Church

4 Pains Of Creativity

photo props

Innovation & Creativity can be very painful processes. If there was not a pain or a cost to being creative, everyone would do it…so, the cost has to be substantial enough to find those who are committed to excelling at their daily art. Max McKeown is an author and innovator. In his new book, Truth About Innovation, McKeown talks about the 4 pains of a new idea.

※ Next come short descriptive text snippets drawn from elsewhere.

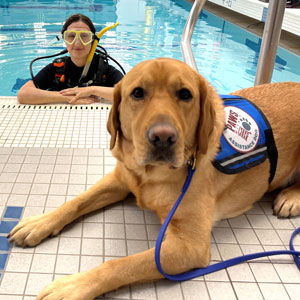 Introducing GILMORE - A Special Paws with a Cause Assistance Dog
 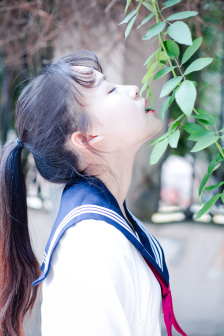慈禧太后秘史在线阅读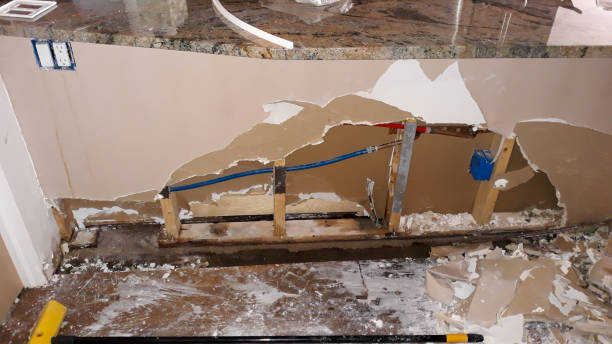 Best Water damage restoration company  in Orting, WA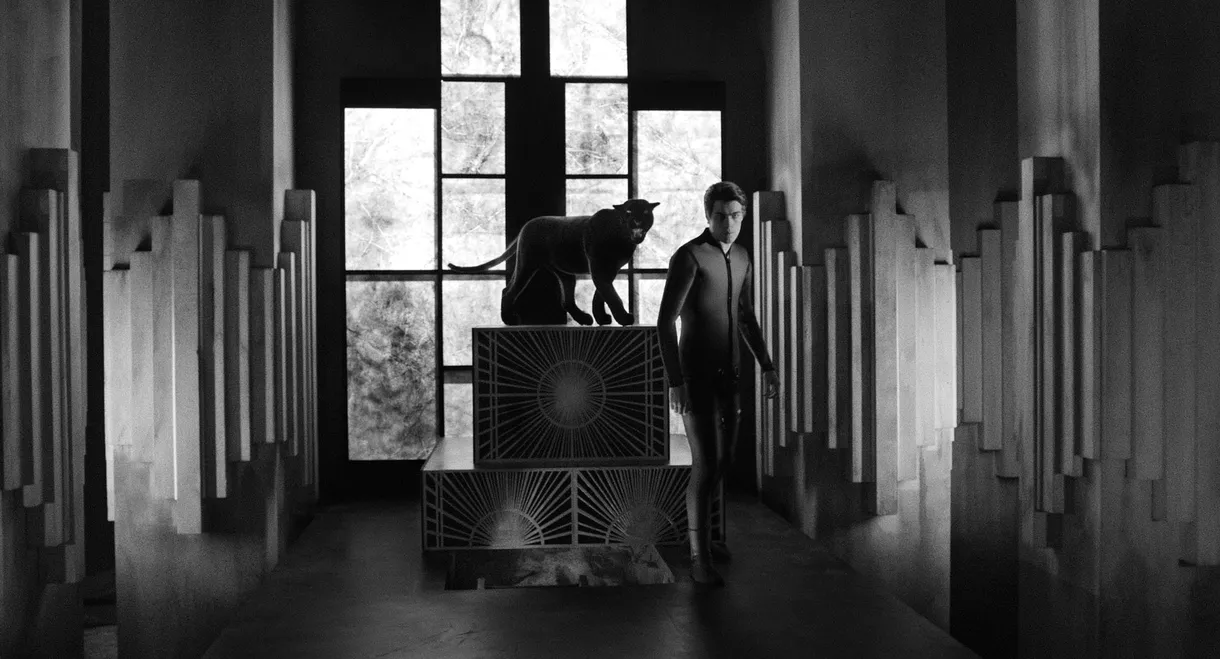 Diabolik: Who Are You?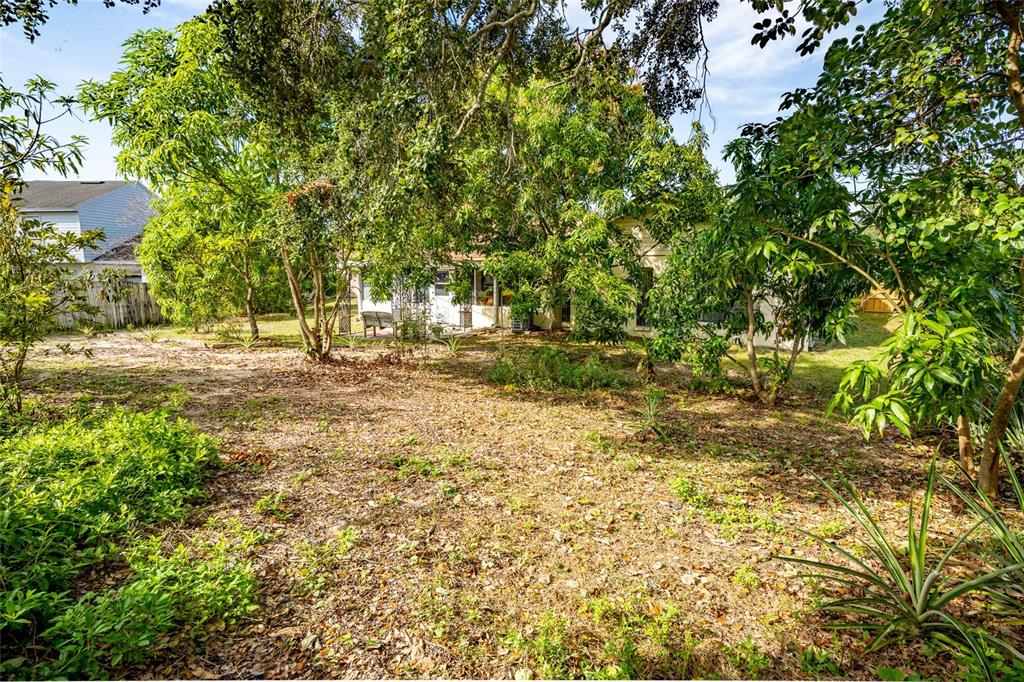 2903 Silver Ridge Drive Orlando, FL 32818 - Photo 27 of 27 a view of a yard with plants and trees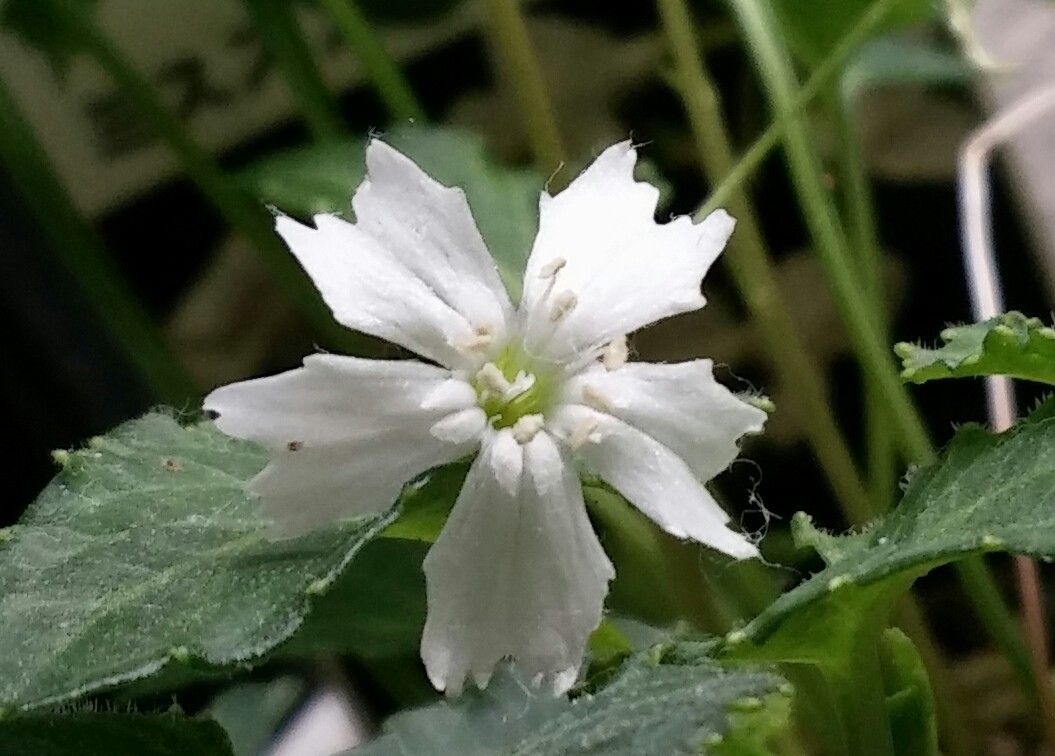 最後のお花と蕾？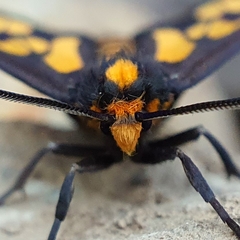 Eressa geographica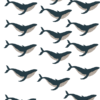 ⁦מדבקות קיר WHALES⁩ – תמונה ⁦2⁩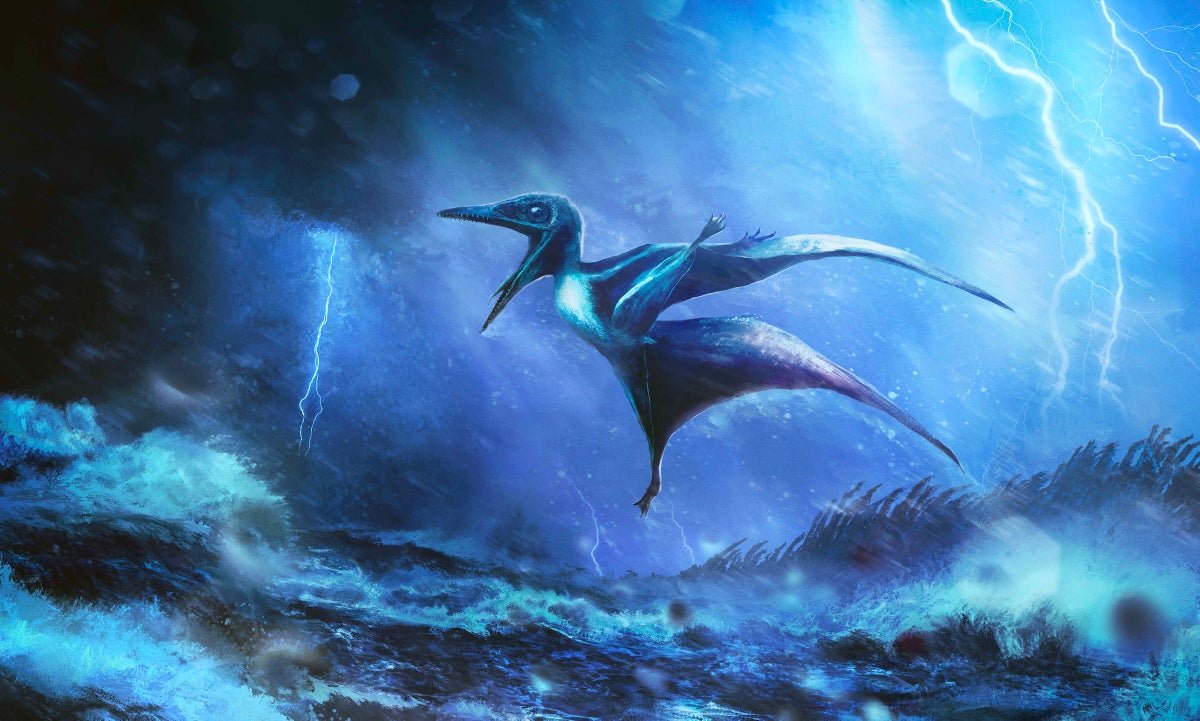 Pterosaur rudolph hima.jpg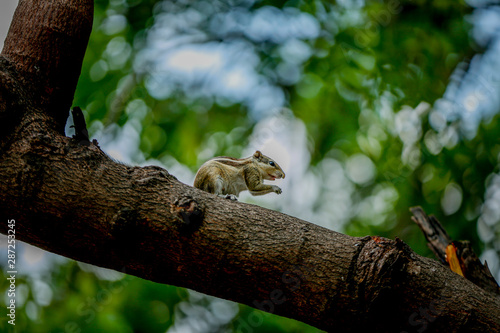 squirrel on a tree photo by sagar rahul 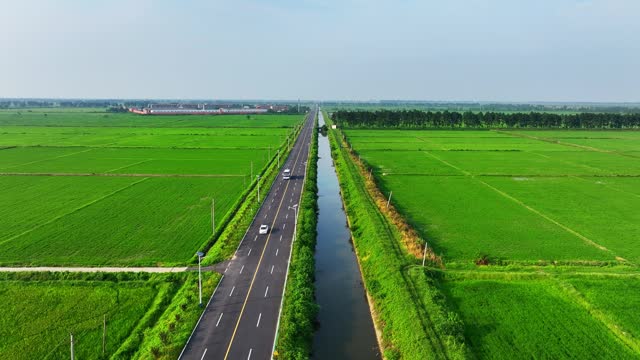 Farm green rice field, straight road overlooking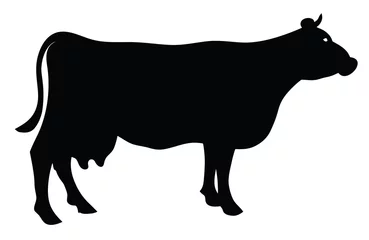 Photo sur Plexiglas Vache Silhouette d& 39 une vache
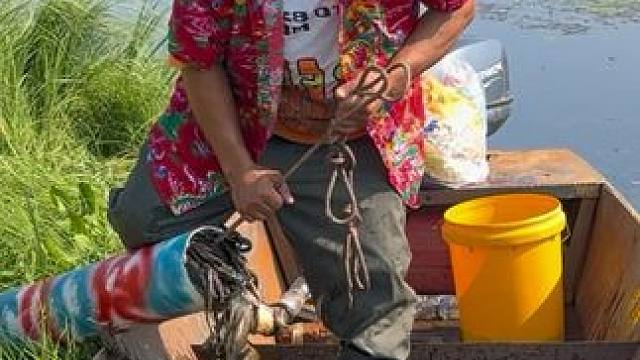 #户外捕鱼 #好多鱼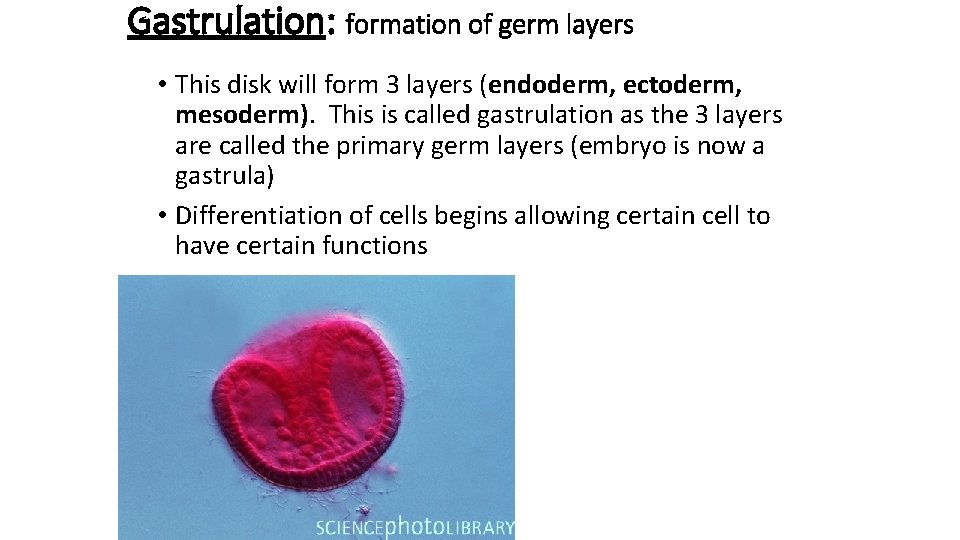 Gastrulation: formation of germ layers • This disk will form 3 layers (endoderm, ectoderm,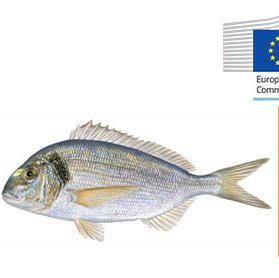 Gilthead seabream price structure analysis in the EU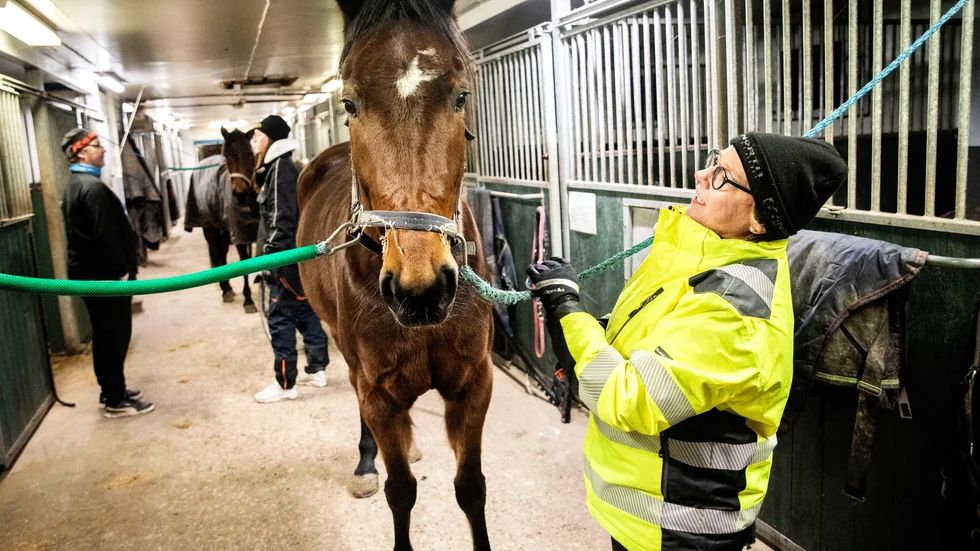 Eva Holmestig går på travskola en kväll i veckan, och använder sitt friskvårdsbidrag. Hon anmälde sig till en nybörjarkurs men tack vare tidigare hästvana kunde hon hoppa in i en grupp som redan hade gått en termin. "Jag blev glatt överraskad att vi fick köra redan första lektionen", säger Eva, här med travskolehästen Nicco.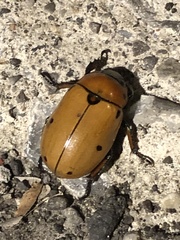Pelidnota punctata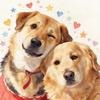 红豆果宝，身体都好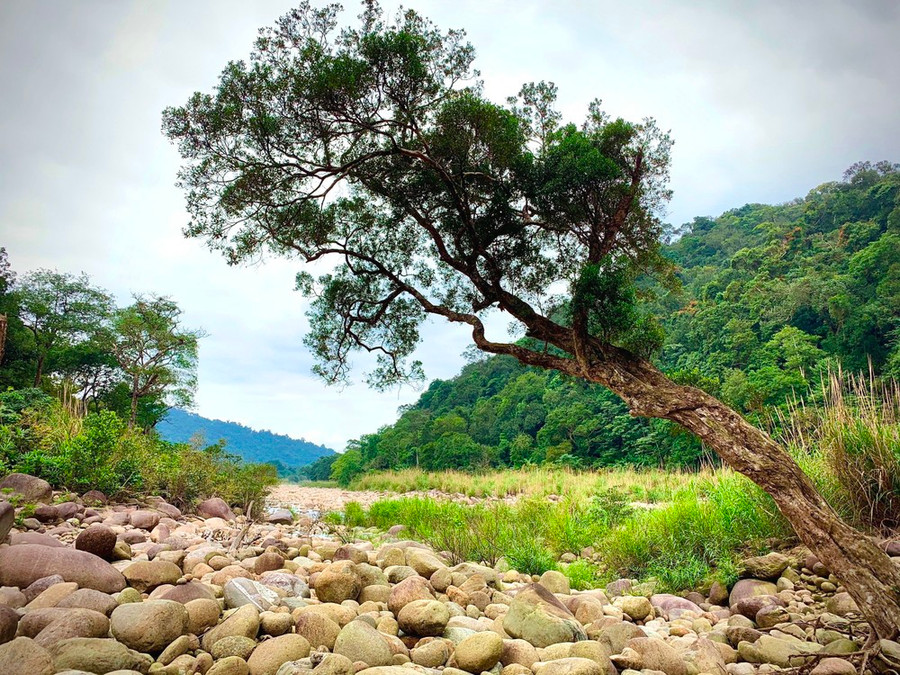 Nhiều bãi đá thoải hòa quện bên rừng cây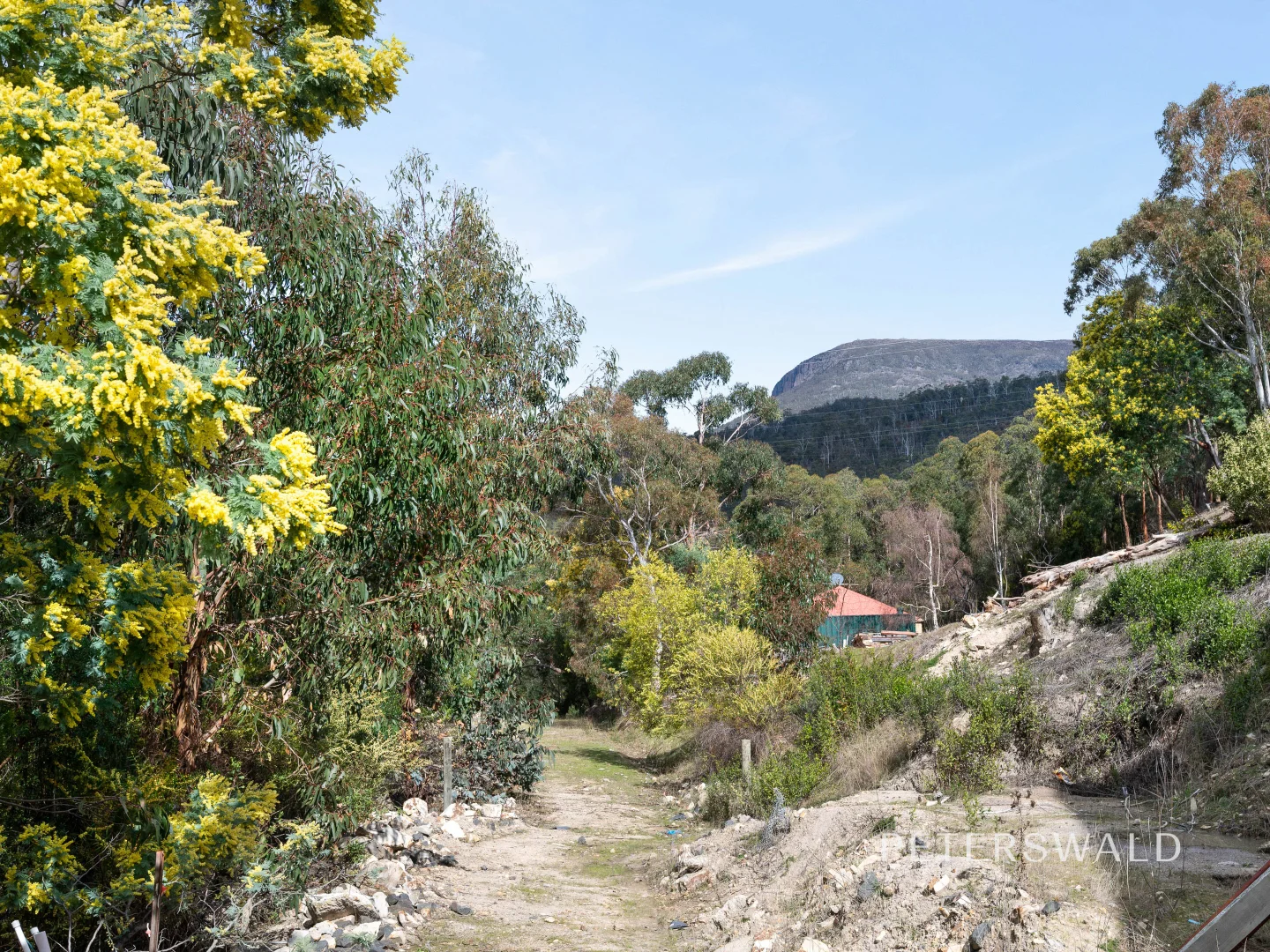 Image 13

  • People Pain – Most people do not like change. Change bothers people and causes friction. When most people are confronted with friction, they choose to avoid it and attempt to find a path with least resistance. Creativity & Innovation require us to embrace friction and do the hard work to bring our ideas to life. This is especially true in our churches – where we have so many sacred cows in our organizations. People will FIGHT for their sacred cows. And the truth is: a lot of times, new ideas fail. When they do, we lose equity with the people in our organizations. We have to make sure we are strategic as to when we cause friction and pain on the people within our organizations so we have the privilege of the pressure to succeed.
  • Necessary Pain – McKeown has been quoted as saying “Innovation is a gamble”. When we are attempting to further creativity and innovation in our organizations, we are forced to face the gamble of pain. McKeown went on to explain how a lot of times the biggest pain is found in hard work. “Innovators put the effort in to achieve greatness and are willing go beyond existing knowledge at the risk of failure and humiliation.” It takes a hustler’s mentality to be willing to do the work to make our ideas succeed.
  • Industry Pain – This could be the most painful for our churches and organizations. Industry pain is the unwillingness to continually develop, embrace, and adapt to technology. Everyday technology makes the playing field more even for creative people. What we can create now on a laptop and a phone used to take a crew, film, and tens of thousands of dollars. Creativity used to exist for the rich and elite, but now, kids in the hood – kids with amazing creativity – get to express it because creativity is attainable. Industry pain is the fear of growth and development and the refusal to embrace where the world is going…fast.
  • Unnecessary Pain – We need to know when enough is enough. As creative people, our tendency is to continually push the boundaries and ignore the limits. Sometime,s the cost is not worth the result. We have to be in tune with our surroundings, our teammates, and our instincts to know when we have reached this threshold and the right time to say ‘enough is enough.’ Don’t allow this to become an excuse. Cast vision passionately and be willing to fight for your ideas. Just know which ideas are worth dying for and which can be refined to see another day.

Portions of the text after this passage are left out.